SINGAPORE--As crowdsourcing gains traction, risks also will emerge from companies that exploit the public for their own benefit and questions remain over which is the rightful owner of the resulting intellectual property (IP).
Sean Moffitt, managing director of Wikibrands, said at Crowdsourcing Week conference here Tuesday that the crowdsourcing market was growing 80 percent year-over-year. He defined crowdsourcing as the practice of harnessing collaboration--internally or externally--to solve problems, attain innovation, and efficiency on many different levels across various industries.

However, panelists in a discussion during the event noted that such practice might face ethical and legal issues.

One panelist, Ross Dawson, author of "Getting results from crowds" said crowdsourcing was, after all, a practice of "tapping the minds of many" and one that could be exploitative in nature. 

Citing an example, Sean Moffitt, managing director of Wikibrands, said a company may use a crowd to design a logo instead of his agency for purposes of saving money which would otherwise be spent on the agency, and getting more ideas from the public as compared to the agency.

People are passionate about being in the community, and will willingly contribute and may not realize they are being exploited by the company, Moffitt explained.

Dawson also pointed to questions over intellectual property rights and which party should have ownership of the resulting content or product built. At the moment, most companies that engage in crowdsourcing have a contract with participants which gives IP rights to the company, he explained, while in some contracts, certain users are able to retain IP rights.

Here, he said the challenge is in the allocation of shares by their value to the crowd and dealing with the lack of laws protecting and distributing ownership of ideas of users participating in crowdsourcing.

Do what is right, have structures for shared distribution

To address this, Dawson advised companies to design crowdsourcing with the ability to create value, as wekk as understand and do what "feels right".
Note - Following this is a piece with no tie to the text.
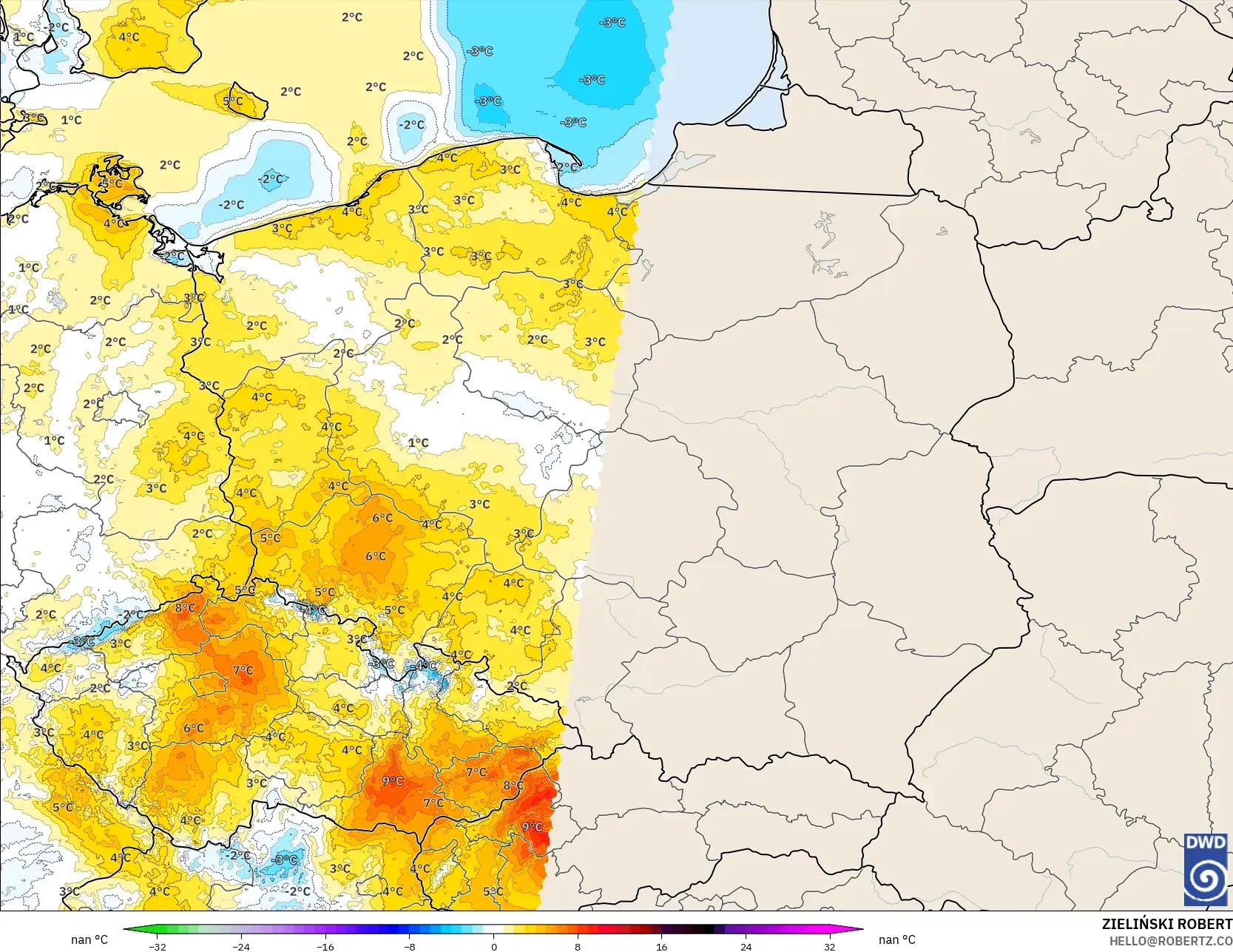 ICON Germany 2 km model - Poland, Temperature at 2m Anomaly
Most brands that crowdsource are mostly inexperienced in a particular aspect so, moving forward, brands should take a more consultative approach to crowdsourcing or risk running into ethical issues with their audiences, noted Shelley Kuipers, founder and CEO of crowdsourcing consultancy firm, Chaordix.

Before laws are established to protect individuals participating in crowdsourcing, she said companies can come up with structures to allocate ownership. Citing an example, Kuipers said in the virtual world Second Life, users can vote which of their peers should receive points from the crowdsourcing company.

Crowdsourcing regulation body not necessary

The panelists did not agree a governance body should be formed to maintain ethics as crowdsourcing gained traction.

Dawson noted crowdsourcing was very transparent so people already would be able to self-govern and be accountable to one another.

Kuipers added there were already organizations such as crowdsourcing.org and people in this space for almost 10 years that could try to make sense of the landscape.

A crowdsourcing company or model that takes advantage of its crowd will not last for long because the crowd as a whole will "call them out" due to the level of transparency, she pointed out.

"It is intrinsic in who we are as humans [to point out any wrongdoing] so I don't know if a government body will be a good idea," she added.